# Dataset extract
#####

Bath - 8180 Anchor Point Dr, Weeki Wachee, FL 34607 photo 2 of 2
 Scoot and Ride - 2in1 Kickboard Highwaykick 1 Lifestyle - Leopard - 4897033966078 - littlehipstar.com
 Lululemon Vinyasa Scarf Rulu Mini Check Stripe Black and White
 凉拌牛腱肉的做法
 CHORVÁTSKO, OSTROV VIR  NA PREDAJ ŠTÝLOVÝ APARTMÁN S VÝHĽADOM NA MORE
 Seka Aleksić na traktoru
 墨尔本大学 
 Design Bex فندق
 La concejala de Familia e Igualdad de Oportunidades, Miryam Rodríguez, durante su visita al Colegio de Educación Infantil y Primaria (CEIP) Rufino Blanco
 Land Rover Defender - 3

#####

# Goal of the exercise
Exactly as written, please reproduce the lines from the first line of the data to the line containing "Design Bex فندق", inclusive, and nothing else.

# Output
Bath - 8180 Anchor Point Dr, Weeki Wachee, FL 34607 photo 2 of 2
 Scoot and Ride - 2in1 Kickboard Highwaykick 1 Lifestyle - Leopard - 4897033966078 - littlehipstar.com
 Lululemon Vinyasa Scarf Rulu Mini Check Stripe Black and White
 凉拌牛腱肉的做法
 CHORVÁTSKO, OSTROV VIR  NA PREDAJ ŠTÝLOVÝ APARTMÁN S VÝHĽADOM NA MORE
 Seka Aleksić na traktoru
 墨尔本大学 
 Design Bex فندق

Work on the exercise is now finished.